In the listing below, print exactly the lines between the line holding "Imagen de portada: Damaged" and the line holding "Welsh Corgi Pembroke", inclusive, and no more.

# RECORDS PROVIDED
=== Section Start ===

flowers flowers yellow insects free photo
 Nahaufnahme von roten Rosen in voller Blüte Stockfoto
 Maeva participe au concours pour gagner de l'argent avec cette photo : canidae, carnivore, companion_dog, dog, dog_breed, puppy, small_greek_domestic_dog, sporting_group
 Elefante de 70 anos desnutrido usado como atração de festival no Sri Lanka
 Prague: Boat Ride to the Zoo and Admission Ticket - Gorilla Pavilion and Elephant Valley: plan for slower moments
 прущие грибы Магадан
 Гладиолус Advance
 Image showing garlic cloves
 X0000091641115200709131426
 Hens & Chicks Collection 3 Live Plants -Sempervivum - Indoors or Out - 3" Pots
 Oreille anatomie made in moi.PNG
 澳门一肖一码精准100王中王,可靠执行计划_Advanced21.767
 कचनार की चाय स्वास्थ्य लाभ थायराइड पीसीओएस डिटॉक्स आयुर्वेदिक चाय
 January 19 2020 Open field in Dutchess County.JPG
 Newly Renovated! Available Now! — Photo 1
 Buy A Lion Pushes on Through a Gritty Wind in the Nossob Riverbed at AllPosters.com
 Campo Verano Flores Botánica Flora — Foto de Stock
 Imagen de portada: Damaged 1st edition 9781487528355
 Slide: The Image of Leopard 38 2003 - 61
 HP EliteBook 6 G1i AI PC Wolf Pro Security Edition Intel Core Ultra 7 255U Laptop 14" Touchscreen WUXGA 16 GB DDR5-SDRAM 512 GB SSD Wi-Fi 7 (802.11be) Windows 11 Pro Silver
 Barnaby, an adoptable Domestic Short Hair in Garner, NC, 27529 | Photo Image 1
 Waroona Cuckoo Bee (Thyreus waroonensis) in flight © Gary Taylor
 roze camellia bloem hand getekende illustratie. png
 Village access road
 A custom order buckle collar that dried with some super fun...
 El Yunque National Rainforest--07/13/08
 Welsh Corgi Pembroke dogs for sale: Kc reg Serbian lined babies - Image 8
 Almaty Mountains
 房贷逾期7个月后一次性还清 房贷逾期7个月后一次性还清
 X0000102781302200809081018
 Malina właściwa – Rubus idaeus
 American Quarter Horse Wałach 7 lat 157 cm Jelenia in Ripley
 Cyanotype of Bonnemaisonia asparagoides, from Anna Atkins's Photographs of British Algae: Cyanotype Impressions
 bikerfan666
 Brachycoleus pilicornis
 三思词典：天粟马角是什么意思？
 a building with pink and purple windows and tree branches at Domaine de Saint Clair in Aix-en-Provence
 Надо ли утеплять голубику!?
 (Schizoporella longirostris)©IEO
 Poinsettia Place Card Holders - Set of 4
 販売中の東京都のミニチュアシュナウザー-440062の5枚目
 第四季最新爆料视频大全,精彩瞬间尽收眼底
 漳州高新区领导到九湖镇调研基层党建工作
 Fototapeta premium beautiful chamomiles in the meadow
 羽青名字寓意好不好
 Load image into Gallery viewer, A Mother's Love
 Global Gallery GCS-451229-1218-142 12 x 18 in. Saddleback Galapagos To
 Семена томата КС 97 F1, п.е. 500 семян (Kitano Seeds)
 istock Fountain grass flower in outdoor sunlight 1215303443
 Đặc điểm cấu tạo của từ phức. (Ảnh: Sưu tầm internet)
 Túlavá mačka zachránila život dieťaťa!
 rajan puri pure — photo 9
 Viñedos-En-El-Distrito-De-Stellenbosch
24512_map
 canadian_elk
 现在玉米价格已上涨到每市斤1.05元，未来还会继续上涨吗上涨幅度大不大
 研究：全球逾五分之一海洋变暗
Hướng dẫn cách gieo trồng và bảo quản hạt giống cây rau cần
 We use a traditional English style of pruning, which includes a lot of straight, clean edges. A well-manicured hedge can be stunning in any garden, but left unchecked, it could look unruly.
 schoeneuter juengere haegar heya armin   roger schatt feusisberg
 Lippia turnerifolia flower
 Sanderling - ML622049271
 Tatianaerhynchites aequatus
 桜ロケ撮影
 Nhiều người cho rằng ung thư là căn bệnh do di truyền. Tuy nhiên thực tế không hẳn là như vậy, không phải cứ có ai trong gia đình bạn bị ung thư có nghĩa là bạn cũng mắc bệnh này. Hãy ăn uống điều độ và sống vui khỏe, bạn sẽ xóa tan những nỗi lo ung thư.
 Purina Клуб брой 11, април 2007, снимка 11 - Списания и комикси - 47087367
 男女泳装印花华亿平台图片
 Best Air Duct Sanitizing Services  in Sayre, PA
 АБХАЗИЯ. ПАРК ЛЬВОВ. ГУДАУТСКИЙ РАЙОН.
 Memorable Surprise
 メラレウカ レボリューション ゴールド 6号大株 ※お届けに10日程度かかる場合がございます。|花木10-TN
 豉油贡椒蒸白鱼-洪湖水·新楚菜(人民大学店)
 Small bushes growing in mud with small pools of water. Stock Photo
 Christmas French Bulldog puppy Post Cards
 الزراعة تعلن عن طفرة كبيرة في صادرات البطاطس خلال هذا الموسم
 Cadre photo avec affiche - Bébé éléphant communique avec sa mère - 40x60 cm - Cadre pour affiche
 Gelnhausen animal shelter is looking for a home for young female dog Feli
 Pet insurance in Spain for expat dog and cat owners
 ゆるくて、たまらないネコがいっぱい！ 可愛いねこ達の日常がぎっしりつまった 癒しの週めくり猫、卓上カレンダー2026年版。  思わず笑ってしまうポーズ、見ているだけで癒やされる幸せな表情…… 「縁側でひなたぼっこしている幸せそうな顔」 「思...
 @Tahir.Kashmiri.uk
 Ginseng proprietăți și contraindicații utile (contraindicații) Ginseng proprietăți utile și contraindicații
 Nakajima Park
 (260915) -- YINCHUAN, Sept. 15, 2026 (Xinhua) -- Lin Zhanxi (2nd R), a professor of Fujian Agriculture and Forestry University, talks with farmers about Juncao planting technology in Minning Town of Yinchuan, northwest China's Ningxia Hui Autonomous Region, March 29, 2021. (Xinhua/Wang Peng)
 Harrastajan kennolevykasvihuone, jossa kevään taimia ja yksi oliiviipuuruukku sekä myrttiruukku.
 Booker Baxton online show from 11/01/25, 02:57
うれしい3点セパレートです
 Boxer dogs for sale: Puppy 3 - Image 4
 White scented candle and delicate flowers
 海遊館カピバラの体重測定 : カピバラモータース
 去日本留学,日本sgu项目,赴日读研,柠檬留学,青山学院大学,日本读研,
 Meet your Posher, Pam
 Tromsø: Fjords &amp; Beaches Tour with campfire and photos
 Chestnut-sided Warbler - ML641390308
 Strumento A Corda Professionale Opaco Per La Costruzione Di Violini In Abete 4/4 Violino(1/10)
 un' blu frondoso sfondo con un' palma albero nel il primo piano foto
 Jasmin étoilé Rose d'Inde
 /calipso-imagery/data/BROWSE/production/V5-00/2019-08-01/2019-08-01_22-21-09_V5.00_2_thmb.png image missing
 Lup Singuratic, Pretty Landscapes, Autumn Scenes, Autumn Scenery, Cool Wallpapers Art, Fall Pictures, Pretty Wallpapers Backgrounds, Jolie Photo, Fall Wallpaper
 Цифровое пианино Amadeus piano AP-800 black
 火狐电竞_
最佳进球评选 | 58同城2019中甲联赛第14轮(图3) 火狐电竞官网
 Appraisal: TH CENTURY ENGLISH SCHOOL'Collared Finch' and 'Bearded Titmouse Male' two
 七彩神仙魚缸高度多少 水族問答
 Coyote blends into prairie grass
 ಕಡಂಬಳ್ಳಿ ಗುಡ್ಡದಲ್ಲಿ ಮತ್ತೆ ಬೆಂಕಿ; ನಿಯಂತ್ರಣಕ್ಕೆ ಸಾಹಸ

=== Section End ===

# THE ANSWER
 Imagen de portada: Damaged 1st edition 9781487528355
 Slide: The Image of Leopard 38 2003 - 61
 HP EliteBook 6 G1i AI PC Wolf Pro Security Edition Intel Core Ultra 7 255U Laptop 14" Touchscreen WUXGA 16 GB DDR5-SDRAM 512 GB SSD Wi-Fi 7 (802.11be) Windows 11 Pro Silver
 Barnaby, an adoptable Domestic Short Hair in Garner, NC, 27529 | Photo Image 1
 Waroona Cuckoo Bee (Thyreus waroonensis) in flight © Gary Taylor
 roze camellia bloem hand getekende illustratie. png
 Village access road
 A custom order buckle collar that dried with some super fun...
 El Yunque National Rainforest--07/13/08
 Welsh Corgi Pembroke dogs for sale: Kc reg Serbian lined babies - Image 8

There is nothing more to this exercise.